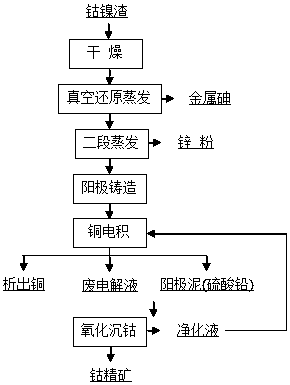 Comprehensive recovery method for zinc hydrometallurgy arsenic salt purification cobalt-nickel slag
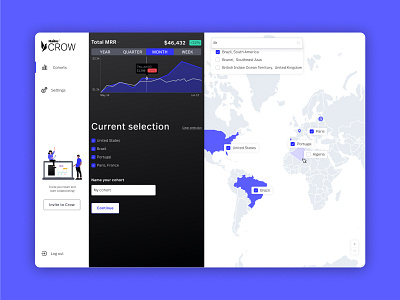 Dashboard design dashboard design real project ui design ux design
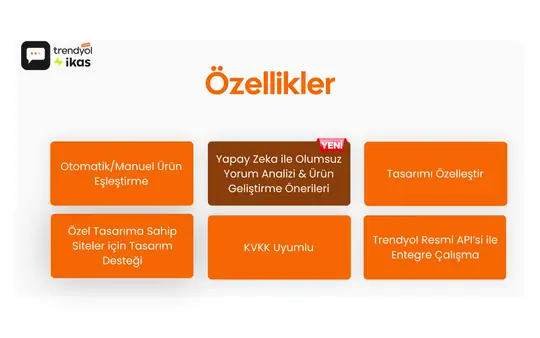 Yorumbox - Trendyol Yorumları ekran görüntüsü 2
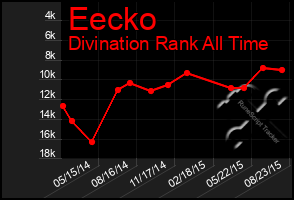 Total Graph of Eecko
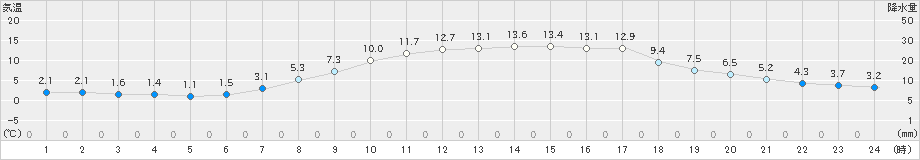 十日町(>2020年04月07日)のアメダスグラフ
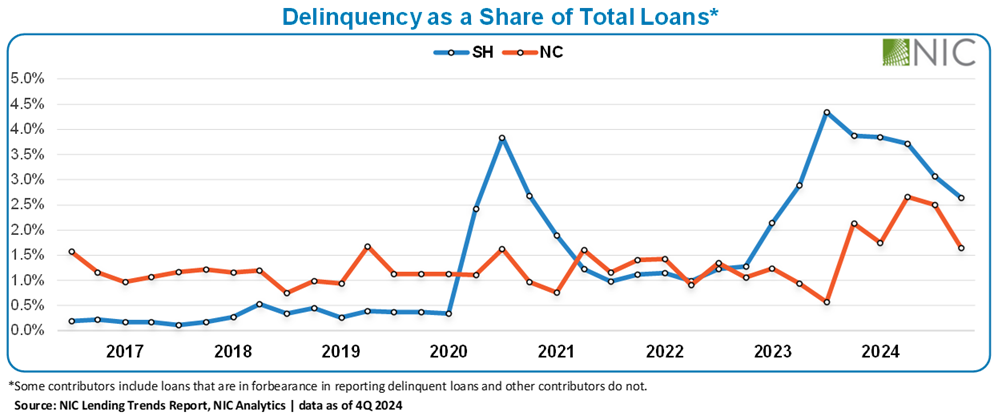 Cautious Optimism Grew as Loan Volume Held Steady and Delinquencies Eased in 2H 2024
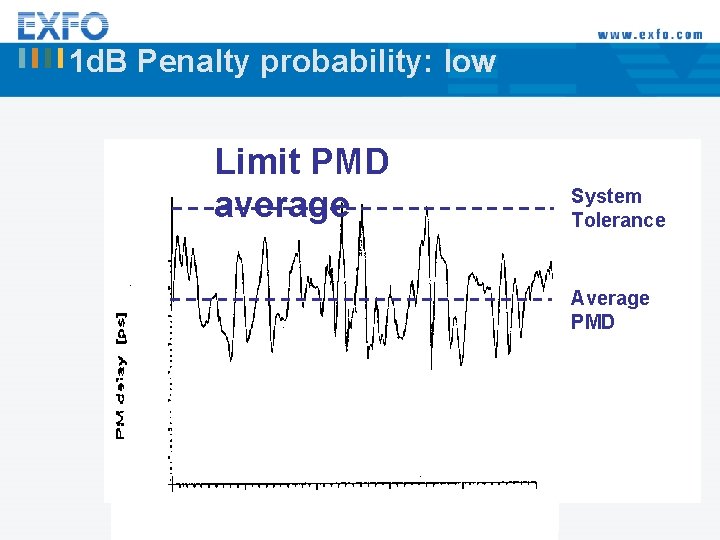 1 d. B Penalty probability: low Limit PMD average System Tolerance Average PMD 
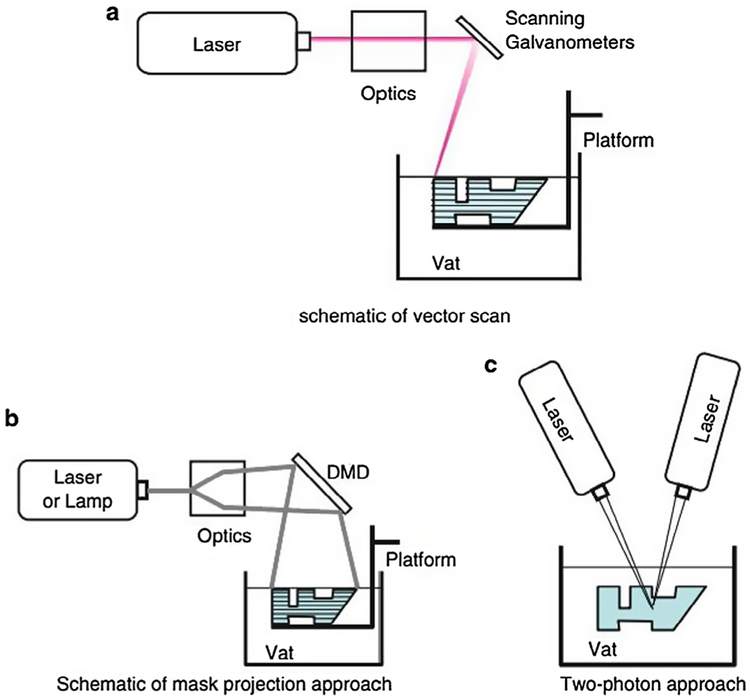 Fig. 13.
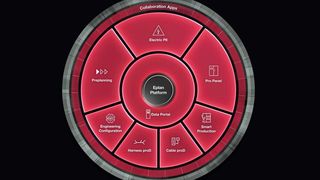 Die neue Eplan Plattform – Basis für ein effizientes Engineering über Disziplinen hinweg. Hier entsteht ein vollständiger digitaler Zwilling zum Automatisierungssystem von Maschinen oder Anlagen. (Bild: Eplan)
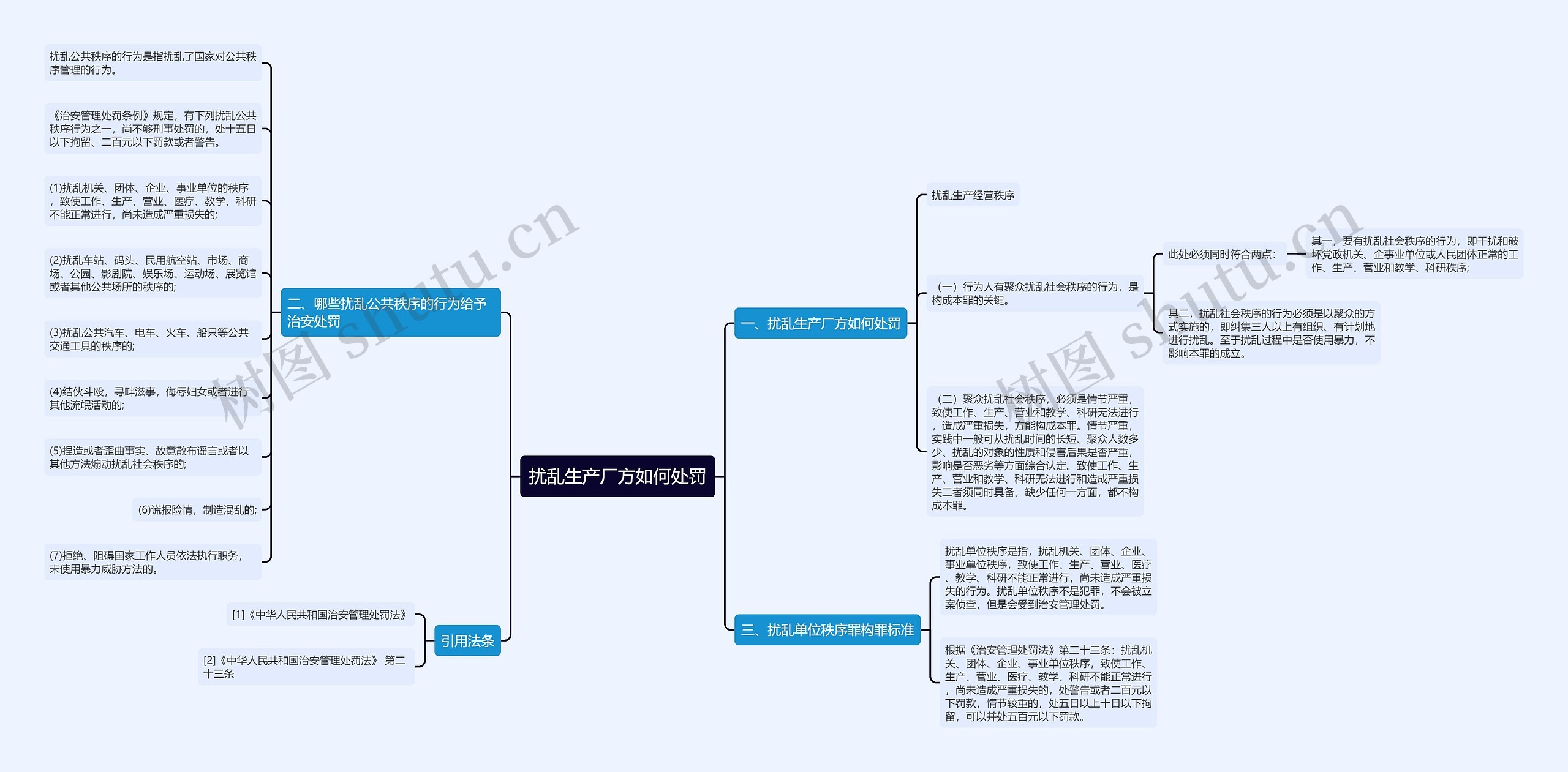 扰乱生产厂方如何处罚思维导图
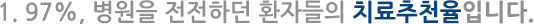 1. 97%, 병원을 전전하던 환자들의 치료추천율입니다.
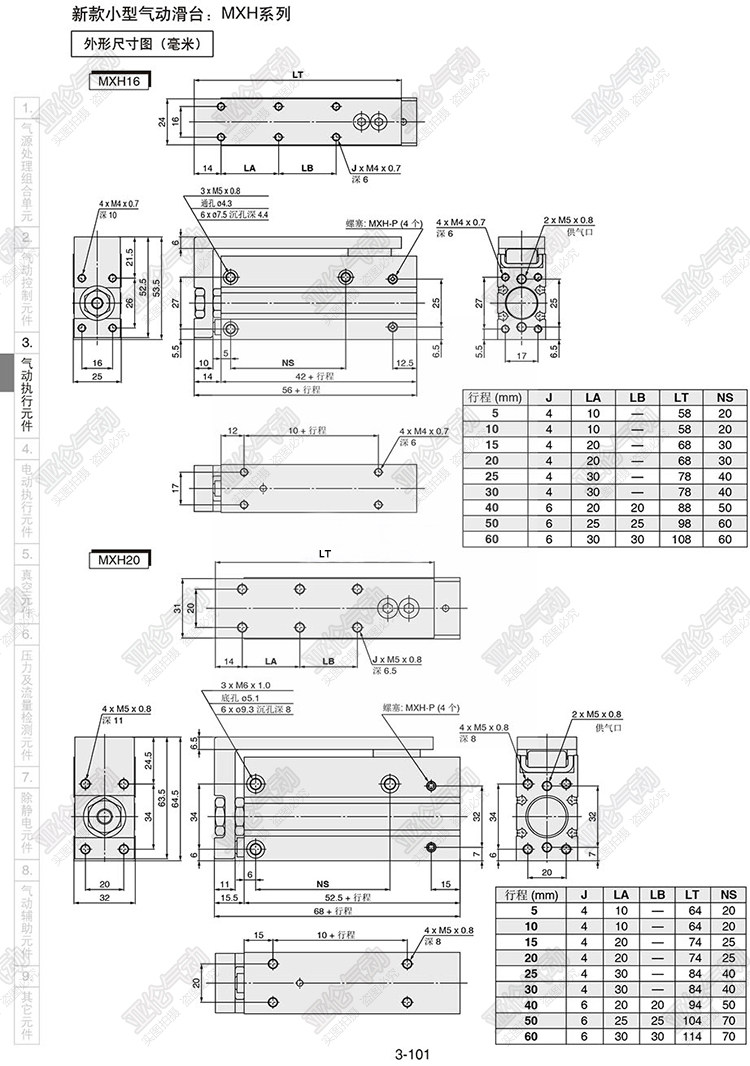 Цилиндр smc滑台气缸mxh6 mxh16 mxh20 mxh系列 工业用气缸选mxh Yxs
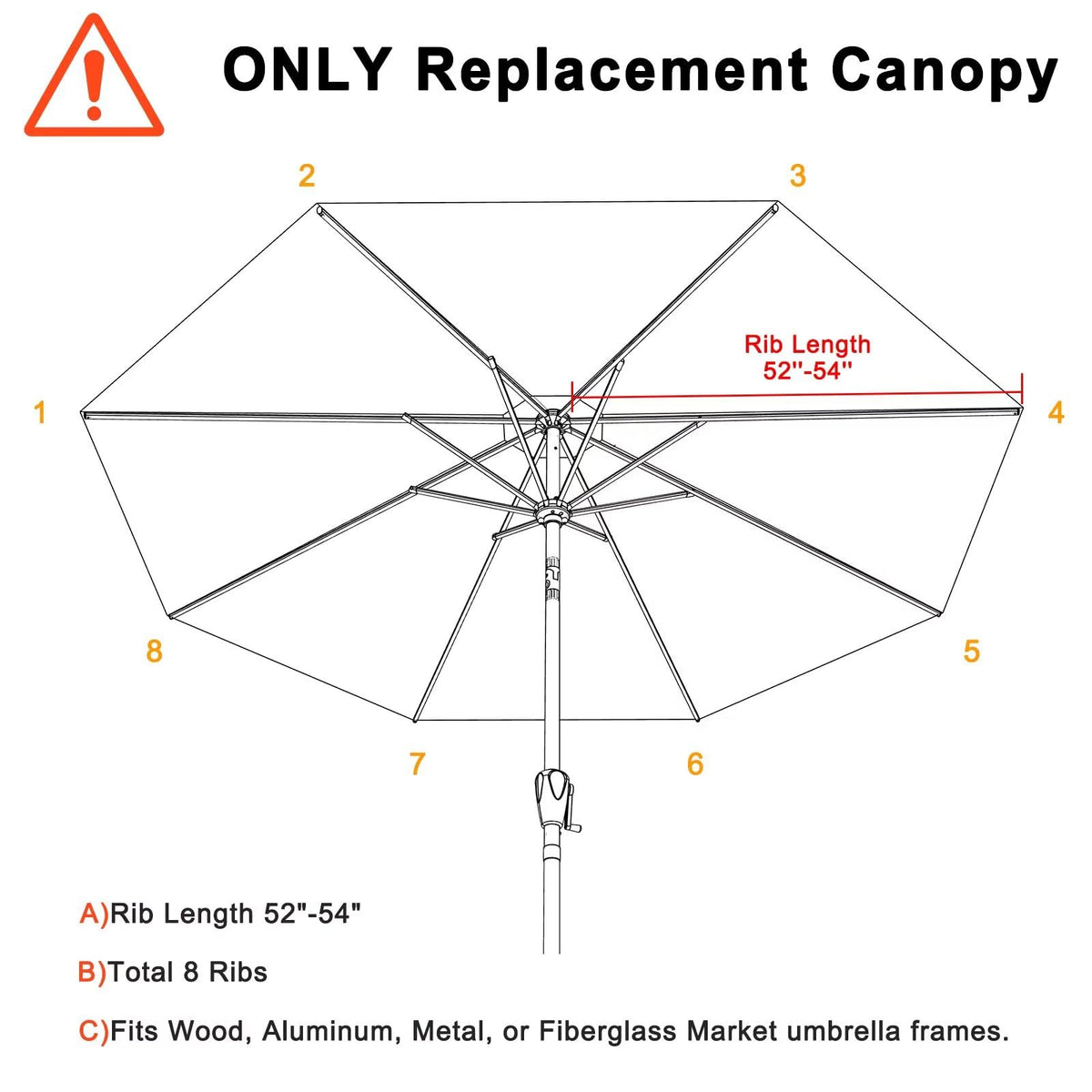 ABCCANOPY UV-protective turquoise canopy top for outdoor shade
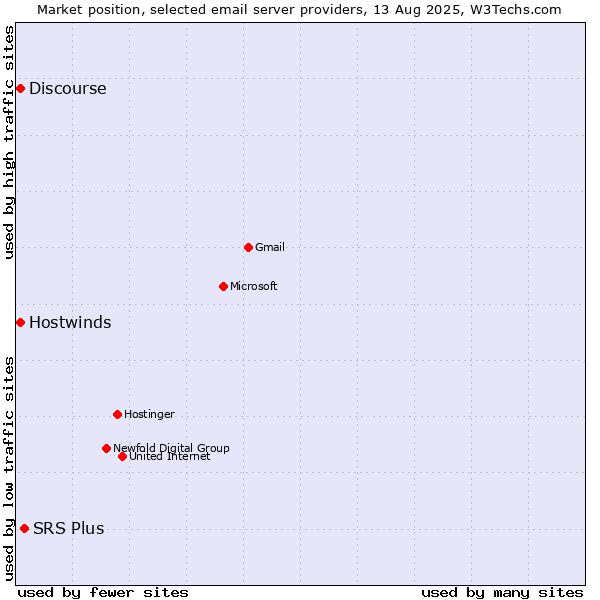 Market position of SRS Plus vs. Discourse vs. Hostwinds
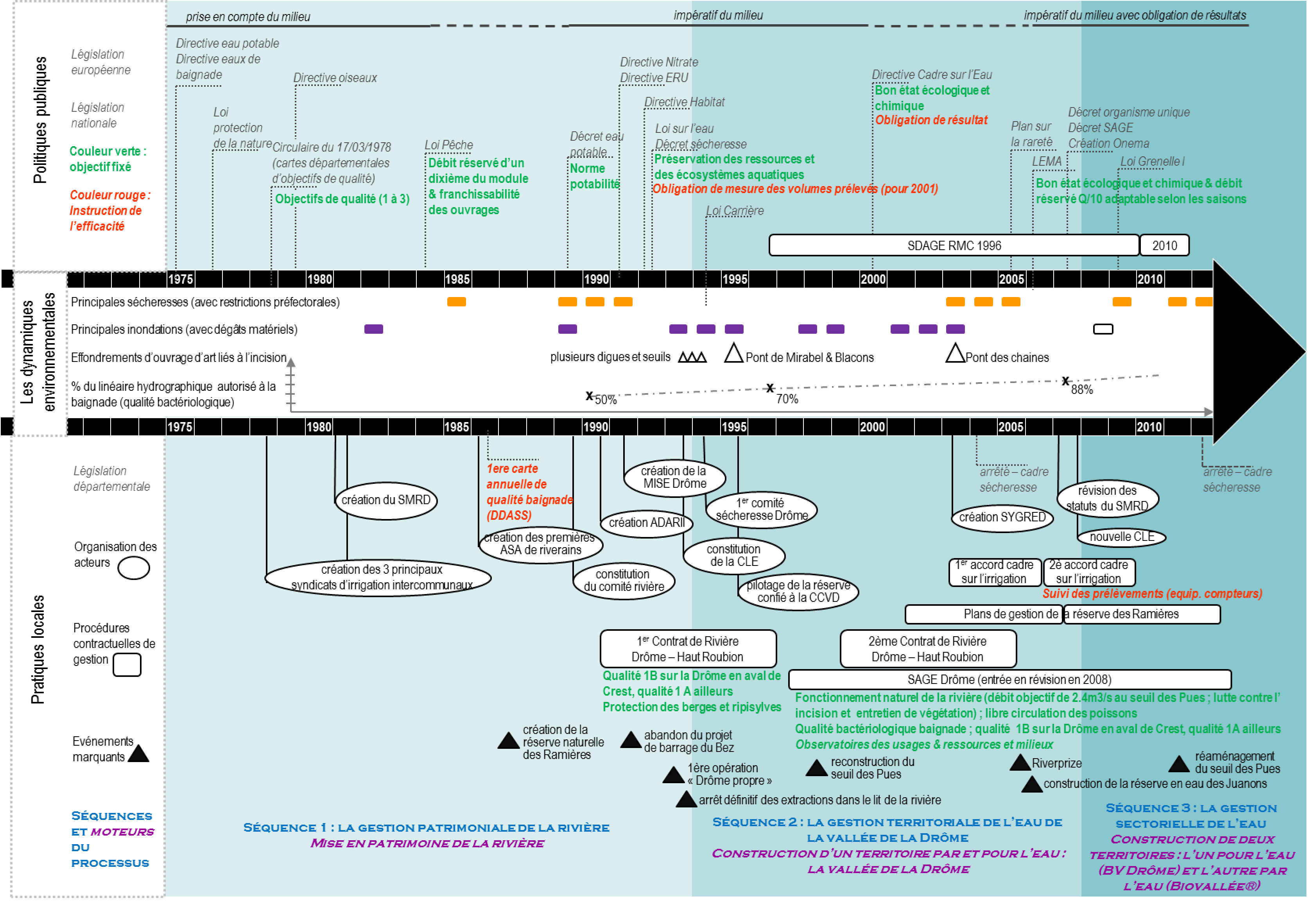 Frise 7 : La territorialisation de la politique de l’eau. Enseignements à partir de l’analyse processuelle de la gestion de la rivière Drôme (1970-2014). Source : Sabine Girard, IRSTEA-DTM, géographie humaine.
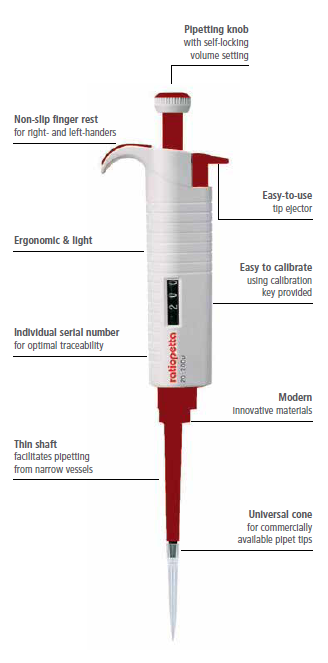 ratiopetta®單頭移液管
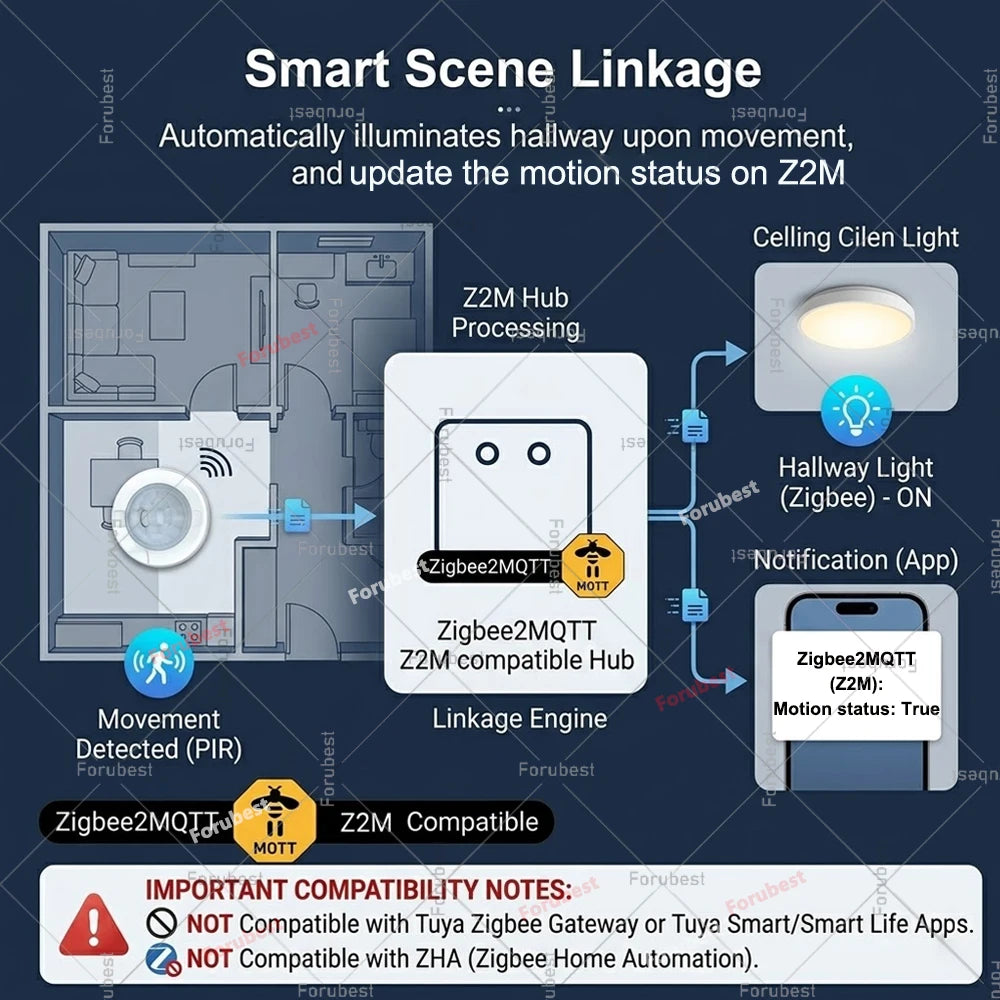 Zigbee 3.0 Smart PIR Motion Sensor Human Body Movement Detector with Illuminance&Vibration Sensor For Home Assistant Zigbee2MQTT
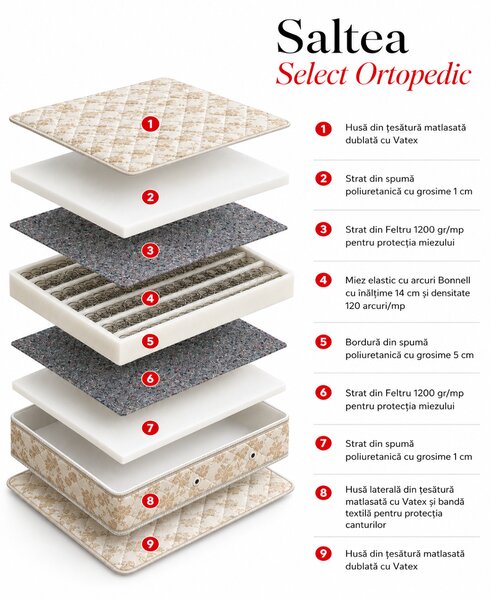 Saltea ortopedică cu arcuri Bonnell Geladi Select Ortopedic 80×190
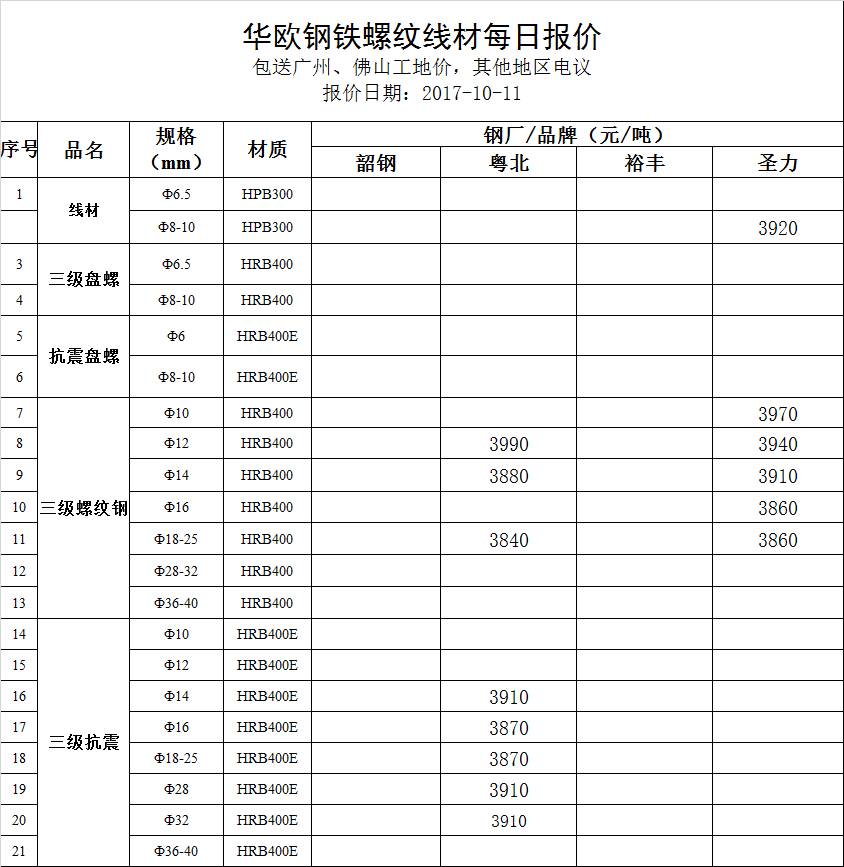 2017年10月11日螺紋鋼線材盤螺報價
--------------------
__What is required__.
From the line that contains "ABCCANOPY UV-protective turquoise" to the end of the listing, give every line again exactly as written. Leave the pictures out.

__Task answer__.
 ABCCANOPY UV-protective turquoise canopy top for outdoor shade
 Market position of SRS Plus vs. Discourse vs. Hostwinds
 Frise 7 : La territorialisation de la politique de l’eau. Enseignements à partir de l’analyse processuelle de la gestion de la rivière Drôme (1970-2014). Source : Sabine Girard, IRSTEA-DTM, géographie humaine.
 ratiopetta®單頭移液管
 Zigbee 3.0 Smart PIR Motion Sensor Human Body Movement Detector with Illuminance&Vibration Sensor For Home Assistant Zigbee2MQTT
 Saltea ortopedică cu arcuri Bonnell Geladi Select Ortopedic 80×190
 2017年10月11日螺紋鋼線材盤螺報價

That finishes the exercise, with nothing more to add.